Defendant failed to preserve for our review his further contention that he was denied a fair trial based upon misconduct by the prosecutor during summation. Defendant's objections to the prosecutor's comments "were sustained without any request for a curative instruction and the court is thus deemed to have corrected any error to defendant's satisfaction" (People v Ennis, 107 AD3d 1617, 1620 [4th Dept 2013], lv denied 22 NY3d 1040 [2013], reconsideration denied 23 NY3d 1036 [2014]).

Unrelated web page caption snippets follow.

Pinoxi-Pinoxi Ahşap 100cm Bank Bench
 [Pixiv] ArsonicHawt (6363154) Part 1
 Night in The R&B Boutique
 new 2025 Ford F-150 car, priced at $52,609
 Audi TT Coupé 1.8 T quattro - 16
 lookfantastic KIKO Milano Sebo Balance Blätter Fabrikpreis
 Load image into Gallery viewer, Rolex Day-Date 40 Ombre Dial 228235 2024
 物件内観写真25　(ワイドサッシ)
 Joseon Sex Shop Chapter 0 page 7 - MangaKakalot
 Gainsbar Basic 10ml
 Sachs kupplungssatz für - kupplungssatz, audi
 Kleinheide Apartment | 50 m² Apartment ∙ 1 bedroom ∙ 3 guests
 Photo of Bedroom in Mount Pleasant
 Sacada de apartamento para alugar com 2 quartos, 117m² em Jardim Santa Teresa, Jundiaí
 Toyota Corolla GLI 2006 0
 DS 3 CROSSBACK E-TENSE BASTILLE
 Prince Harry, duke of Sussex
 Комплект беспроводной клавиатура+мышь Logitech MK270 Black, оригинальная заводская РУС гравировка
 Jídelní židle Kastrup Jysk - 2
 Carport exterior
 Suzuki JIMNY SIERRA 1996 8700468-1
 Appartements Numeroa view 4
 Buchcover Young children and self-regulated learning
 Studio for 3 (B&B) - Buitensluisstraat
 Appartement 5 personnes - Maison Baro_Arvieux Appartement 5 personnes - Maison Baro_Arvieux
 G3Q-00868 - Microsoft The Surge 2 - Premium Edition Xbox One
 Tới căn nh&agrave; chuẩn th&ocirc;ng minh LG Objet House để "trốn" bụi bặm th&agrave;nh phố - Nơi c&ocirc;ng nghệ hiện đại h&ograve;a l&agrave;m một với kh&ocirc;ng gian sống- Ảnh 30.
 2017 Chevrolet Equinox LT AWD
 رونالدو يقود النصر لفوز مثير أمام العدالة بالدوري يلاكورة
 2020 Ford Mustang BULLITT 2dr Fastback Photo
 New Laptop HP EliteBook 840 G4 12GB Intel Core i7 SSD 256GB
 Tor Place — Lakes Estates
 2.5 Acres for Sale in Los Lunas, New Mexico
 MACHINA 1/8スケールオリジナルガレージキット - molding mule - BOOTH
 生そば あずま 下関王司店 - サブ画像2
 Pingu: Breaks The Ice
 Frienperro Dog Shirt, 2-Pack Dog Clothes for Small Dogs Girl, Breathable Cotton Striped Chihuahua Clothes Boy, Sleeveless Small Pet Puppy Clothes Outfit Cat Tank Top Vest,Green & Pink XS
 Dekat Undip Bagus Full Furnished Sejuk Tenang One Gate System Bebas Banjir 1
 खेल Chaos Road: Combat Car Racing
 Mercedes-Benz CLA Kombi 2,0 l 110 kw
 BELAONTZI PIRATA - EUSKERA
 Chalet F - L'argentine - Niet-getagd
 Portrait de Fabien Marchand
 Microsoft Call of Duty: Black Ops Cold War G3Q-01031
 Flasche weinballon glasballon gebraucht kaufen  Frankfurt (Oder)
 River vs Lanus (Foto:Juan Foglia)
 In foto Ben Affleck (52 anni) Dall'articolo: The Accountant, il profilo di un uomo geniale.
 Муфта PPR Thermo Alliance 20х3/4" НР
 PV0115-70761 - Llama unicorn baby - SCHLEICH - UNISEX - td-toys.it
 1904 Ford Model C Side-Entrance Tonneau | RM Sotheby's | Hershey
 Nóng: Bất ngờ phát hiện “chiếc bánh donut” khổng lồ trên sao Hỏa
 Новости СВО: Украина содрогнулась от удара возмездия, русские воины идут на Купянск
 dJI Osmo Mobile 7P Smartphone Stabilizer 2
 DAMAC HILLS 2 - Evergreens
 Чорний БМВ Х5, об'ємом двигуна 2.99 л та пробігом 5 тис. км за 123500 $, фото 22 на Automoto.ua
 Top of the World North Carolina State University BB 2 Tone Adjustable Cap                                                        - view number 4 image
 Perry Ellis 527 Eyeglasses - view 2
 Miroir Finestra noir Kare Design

In any event, the comments by the prosecutor were not so egregious as to deny defendant a fair trial (see People v Dizak, 93 AD3d 1182, 1184 [4th Dept 2012], lv denied 19 NY3d 972 [2012], reconsideration denied 20 NY3d 932 [2012]), and any potential prejudice to defendant was alleviated by the court's rulings and instructions (see People v Flowers, 151 AD3d 1843, 1844 [4th Dept 2017], lv denied 30 NY3d 1104 [2018]), which the jury is presumed to have followed (see People v Allen, 78 AD3d 1521, 1521 [4th Dept 2010], lv denied 16 NY3d 827 [2011]). Finally, defendant's sentence is not unduly harsh or severe.